Finalmente, refirió la apelante que la reducción de pena efectuada en apartamiento de los límites mínimos legalmente establecidos, quebrantaba los principios de igualdad ante la ley, de legalidad, y de razonabilidad de los artículos 16, 18 y 28 de la Constitución Nacional; a la par que aludió a la "gravedad institucional" que ello acarreaba.

Consideró que la interpretación efectuada de la norma en cuestión se apartó arbitrariamente de los criterios generales violando el principio de igualdad jurídica reconocido por la Constitución Nacional y por tratados internacionales con jerarquía constitucional como la Convención Americana sobre Derechos Humanos; el Pacto Internacional de los Derechos Económicos, Sociales y Culturales; la Declaración Universal de los Derechos del Hombre y el Pacto Internacional de los Derechos Civiles y Políticos.

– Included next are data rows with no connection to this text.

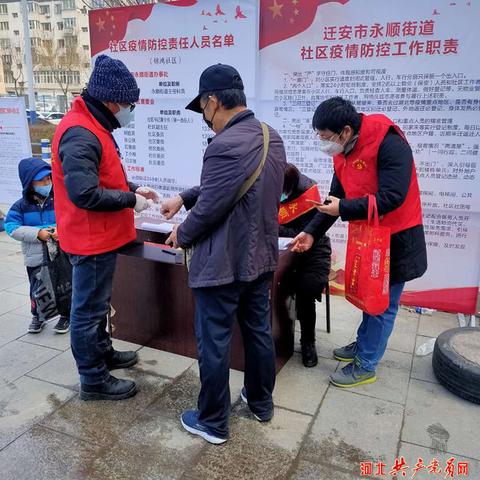 【河北迁安疫情/河北迁安市疫情】 【河北迁安疫情/河北迁安市疫情】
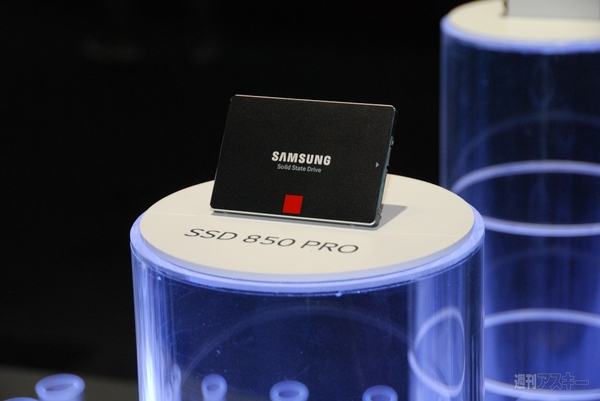 2014 Samsung SSD Global Summit
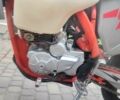 Kovi Другая, объемом двигателя 0.25 л и пробегом 0 тыс. км за 1450 $, фото 1 на Automoto.ua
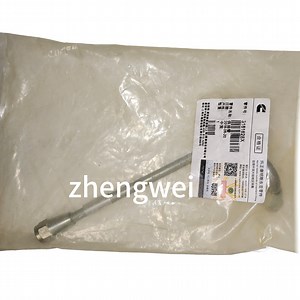 [Hot Item] Generator Fuel System Tube 3161628X Cummins Marine & Industrial Supply Connector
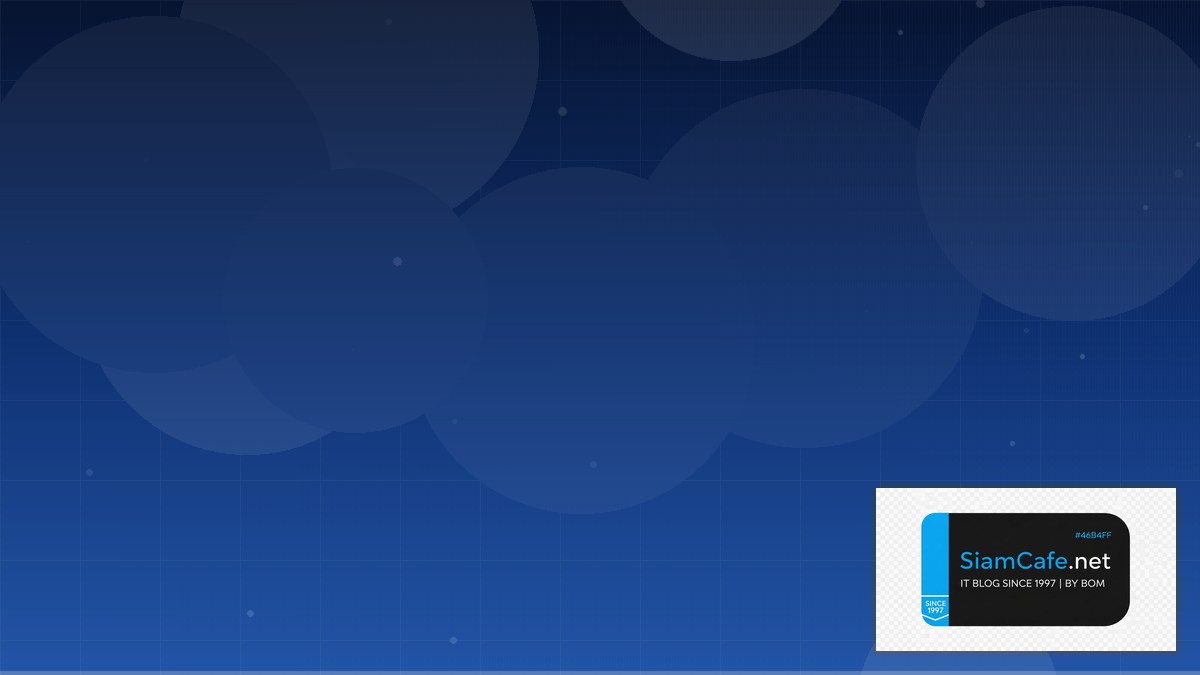 เวลาโอมาน | SiamCafe Blog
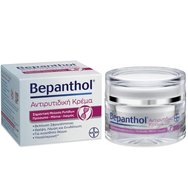 Bepanthol Anti-Wrinkle Face, Eyes & Neck Cream 50ml Bepanthol Anti-Wrinkle Face, Eyes & Neck Cream 50ml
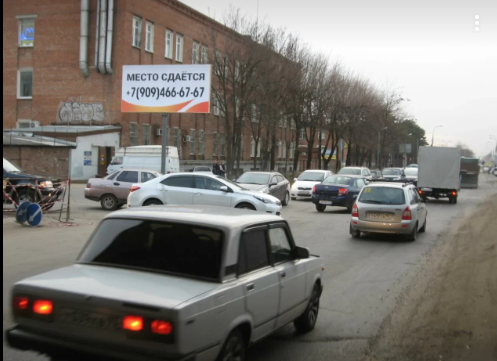 Фотография рекламного носителя, тип: Билборд 3x6, адрес: Новороссийская ул., д.174, Краснодар, Краснодарский край, Россия. Сторона В №467244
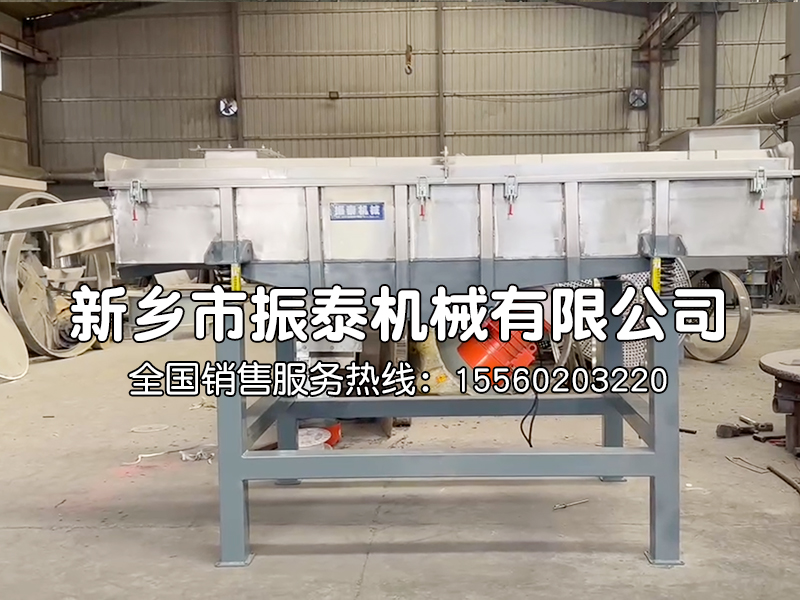 1030型不锈钢直线筛生产已完成，通过物流发往福建！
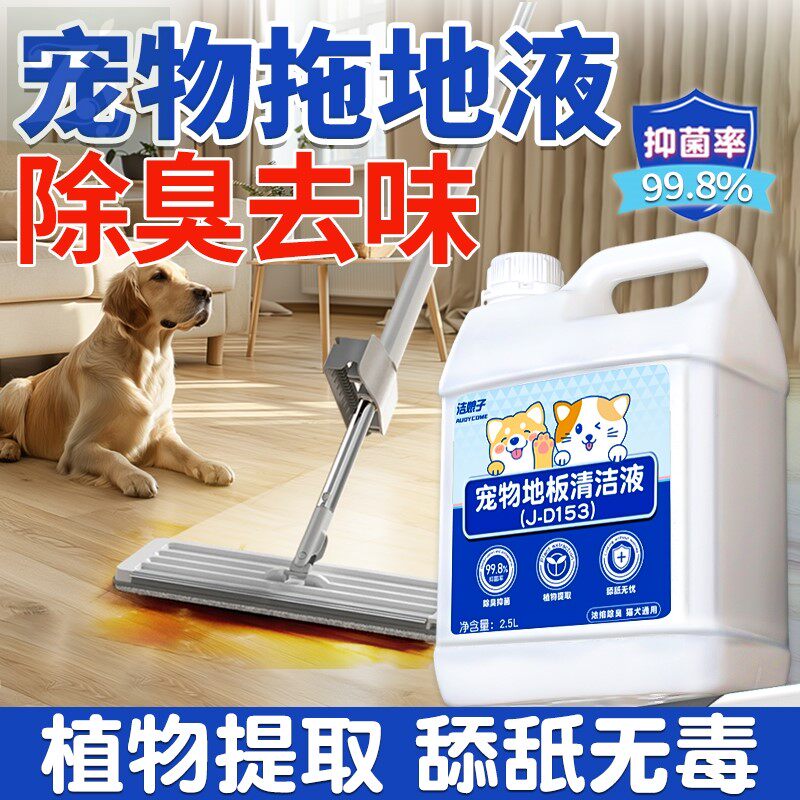 宠物地板清洁剂家用拖地猫狗专用除臭液分解去尿味室内抑菌除味剂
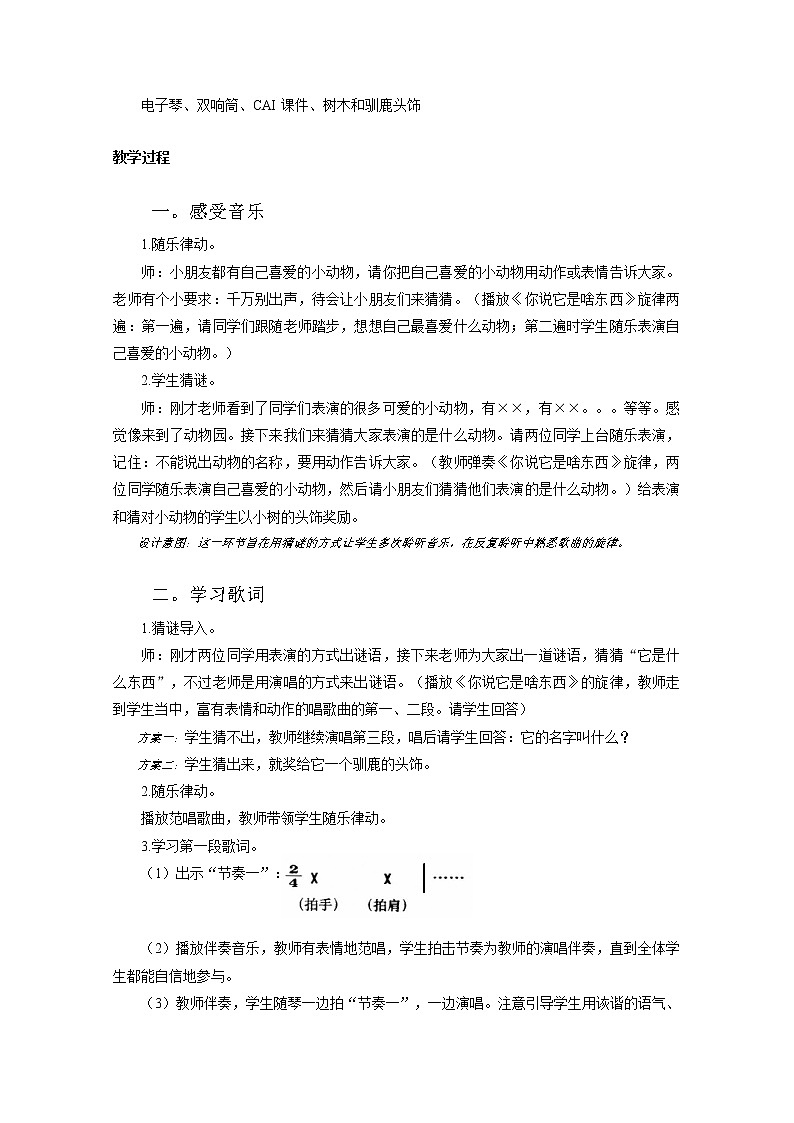 湘艺版音乐一年级下册第九课 《你说它是啥东西》教案第2页
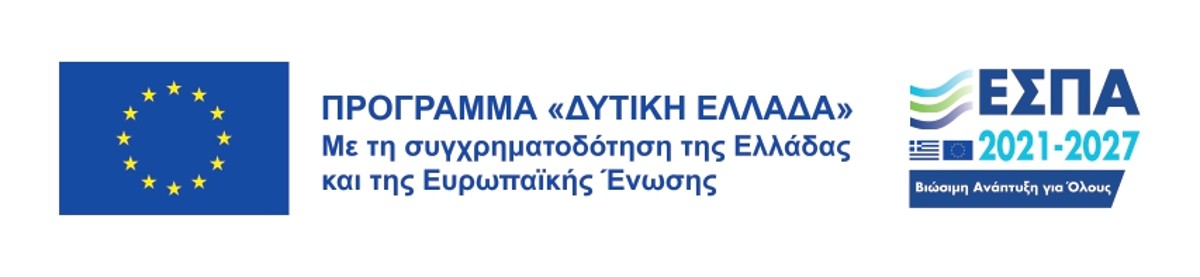 Πρόγραμμα "Δυτική Ελλάδα" banner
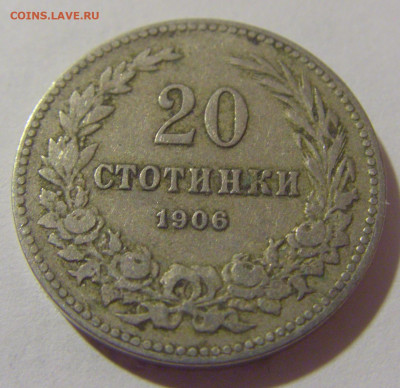 20 стотинок 1906 Болгария №1 29.08.23 22:00 М - CIMG6591.JPG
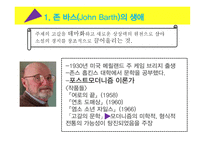 존 바스 토마 스핀 천하 퍼리 생애와 작품들-3
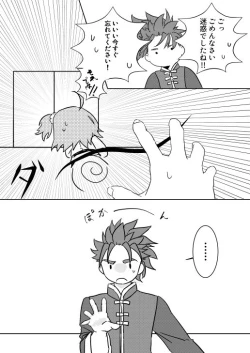 Page 7 of Koufuku no hanataba o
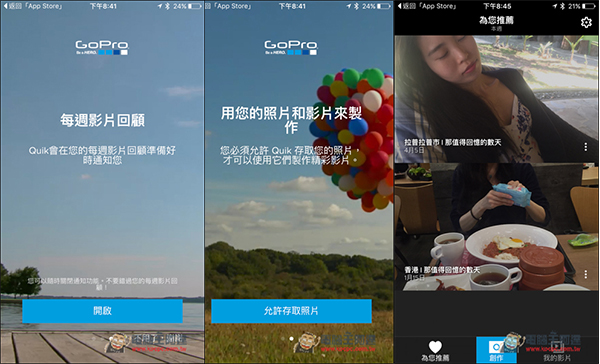 GoPro Quik影片編輯器內購全部免費！只要幾秒輕鬆製作出高質感影片 - 電腦王阿達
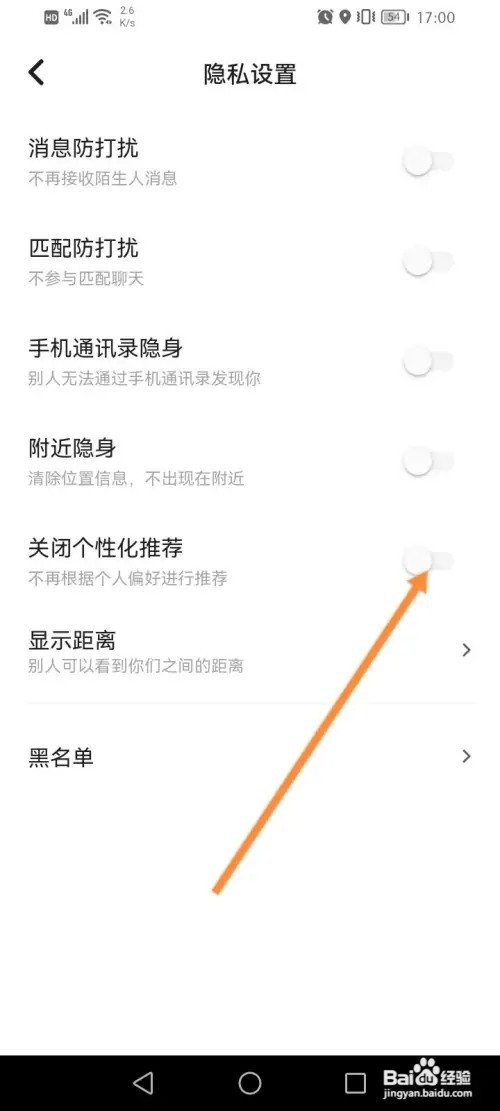 冲鸭APP在哪里关闭个性化推荐功能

Culminó su presentación argumentando que "ninguna duda cabe que en nuestro sistema republicano de gobierno, toda resolución judicial debe respetar los principios de igualdad, legalidad, razonabilidad y las obligaciones internacionales asumidas por el Estado en materia de derechos humanos  para con el conjunto de la sociedad, y que una sentencia como la acatada, que fija en forma discrecional el monto de pena por debajo de los límites legales, vulnera dichos principios y produce un estado de indefensión e inseguridad jurídica al eludir arbitrariamente los derechos de la víctima y menospreciar los bienes jurídicos vida y dignidad humanas, dando preeminencia al principio de culpabilidad por sobre el derecho a la vida subvirtiendo de ese modo la precedencia constitucionalmente establecida".

Frente al planteo, la Suprema Corte acompañó parcialmente la queja. En lo que concierne al planteo federal vinculado con la interpretación del art. 4 de la Ley 22.278 en relación al joven, el recurso es procedente.